>>>

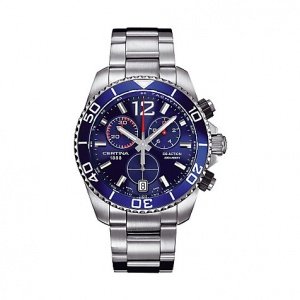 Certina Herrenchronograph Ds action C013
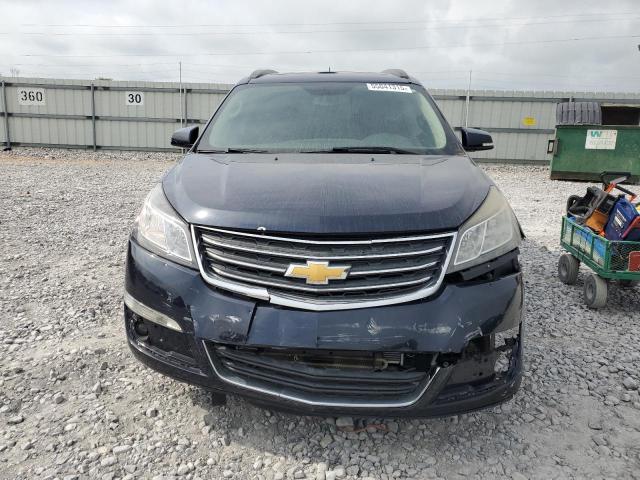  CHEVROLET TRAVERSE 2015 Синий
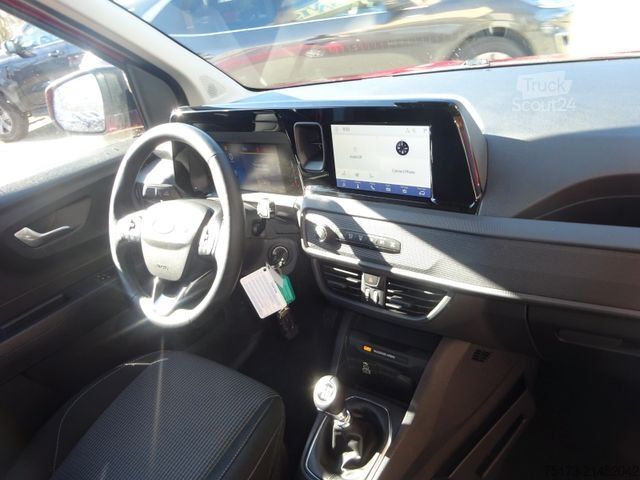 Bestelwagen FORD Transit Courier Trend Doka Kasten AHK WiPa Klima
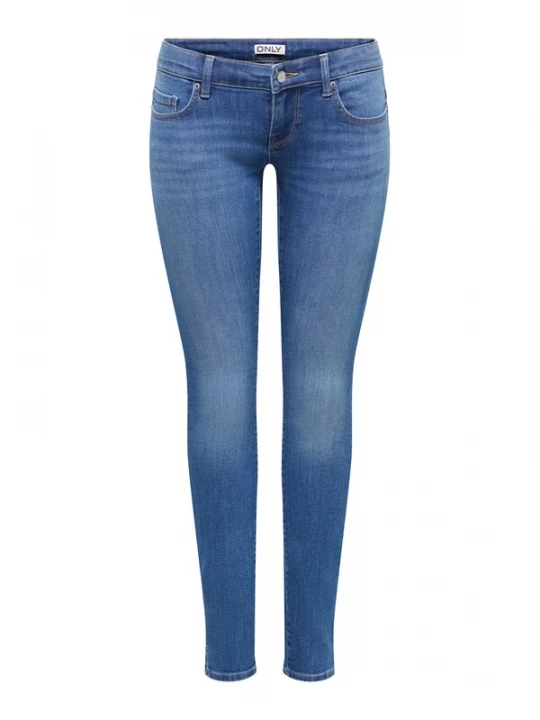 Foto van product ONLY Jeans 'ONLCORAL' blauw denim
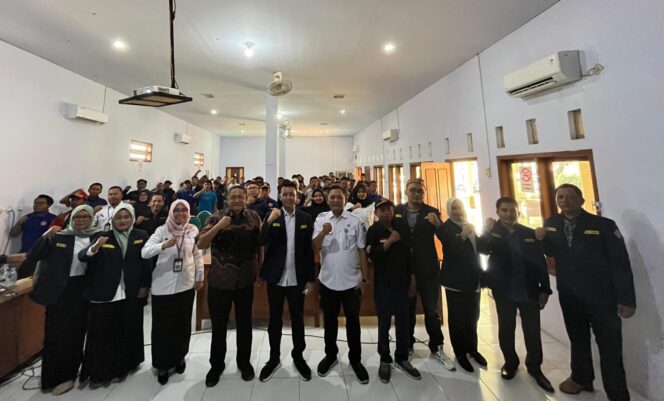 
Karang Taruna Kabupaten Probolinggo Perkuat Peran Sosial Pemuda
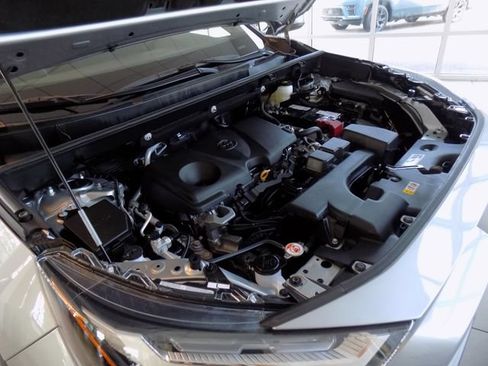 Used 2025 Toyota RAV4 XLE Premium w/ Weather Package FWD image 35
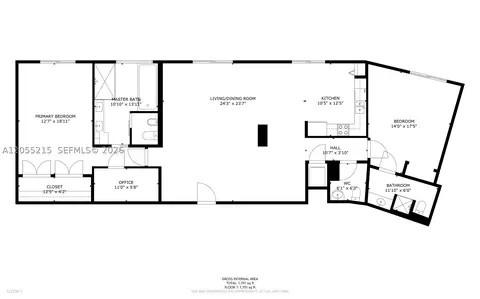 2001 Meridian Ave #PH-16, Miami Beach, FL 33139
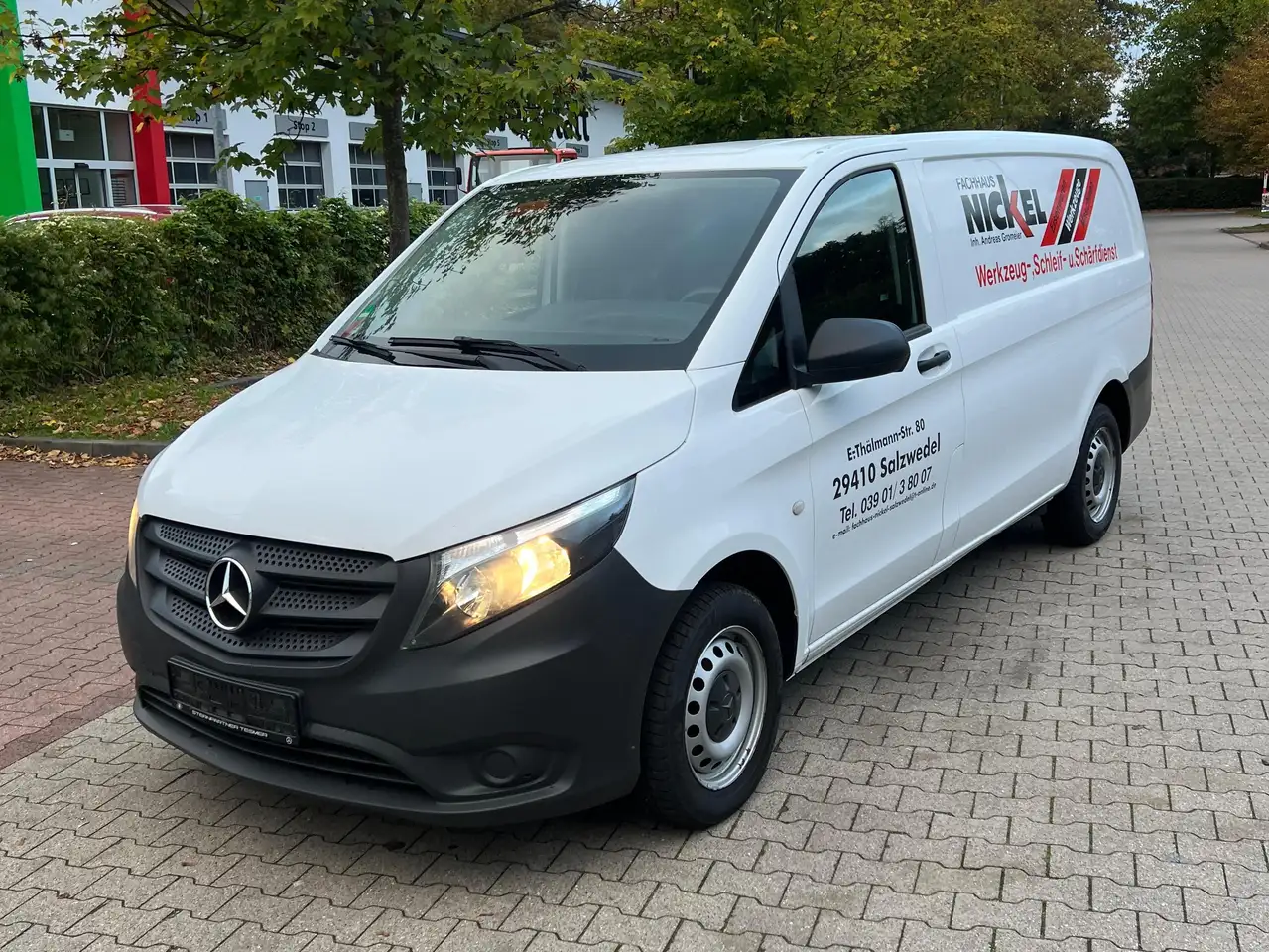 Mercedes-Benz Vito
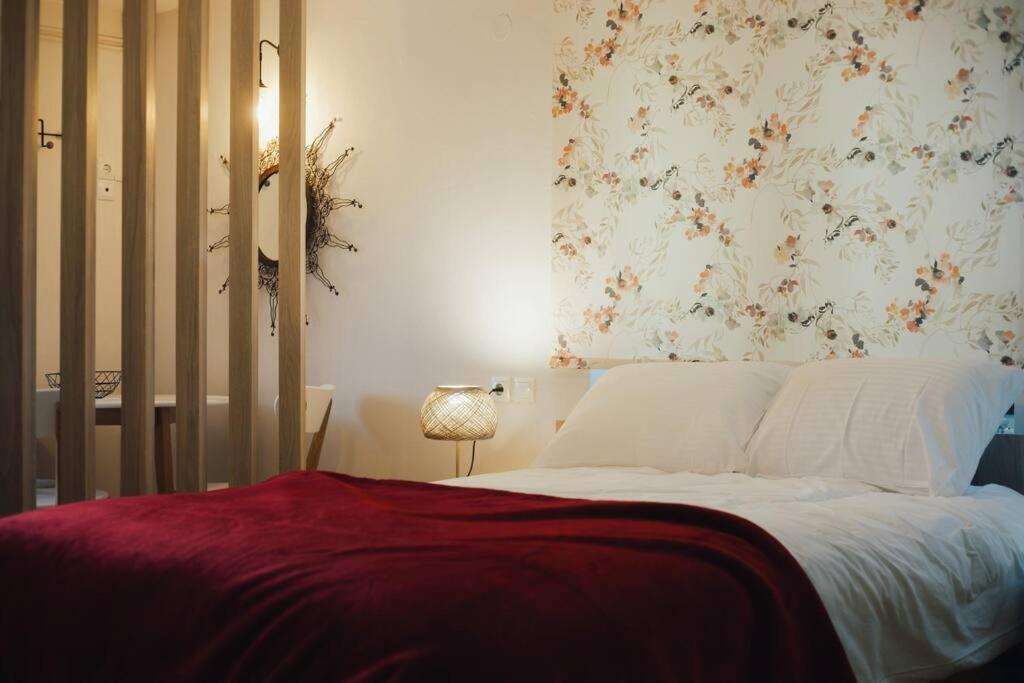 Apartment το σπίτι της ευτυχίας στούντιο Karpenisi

<<<
>>>

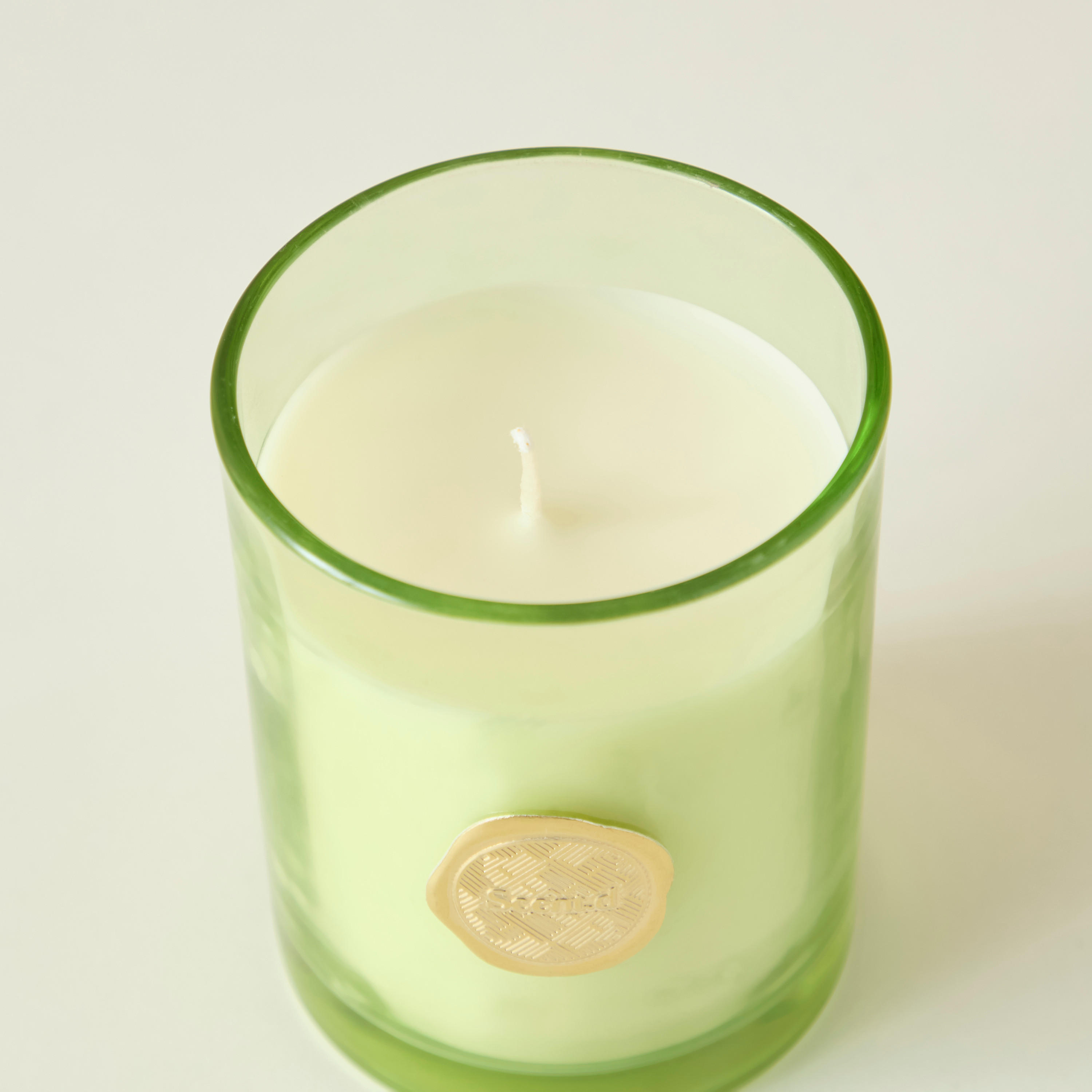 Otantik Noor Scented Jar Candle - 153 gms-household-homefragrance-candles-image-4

<<<

Would you give again, exactly, the lines in the data above that run from the line containing "Certina Herrenchronograph Ds action C013" to the line containing "Apartment το σπίτι"? Include both ends and no pictures.

ANSWER BOX:
 Certina Herrenchronograph Ds action C013
  CHEVROLET TRAVERSE 2015 Синий
 Bestelwagen FORD Transit Courier Trend Doka Kasten AHK WiPa Klima
 Foto van product ONLY Jeans 'ONLCORAL' blauw denim
Karang Taruna Kabupaten Probolinggo Perkuat Peran Sosial Pemuda
 Used 2025 Toyota RAV4 XLE Premium w/ Weather Package FWD image 35
 2001 Meridian Ave #PH-16, Miami Beach, FL 33139
 Mercedes-Benz Vito
 Apartment το σπίτι της ευτυχίας στούντιο Karpenisi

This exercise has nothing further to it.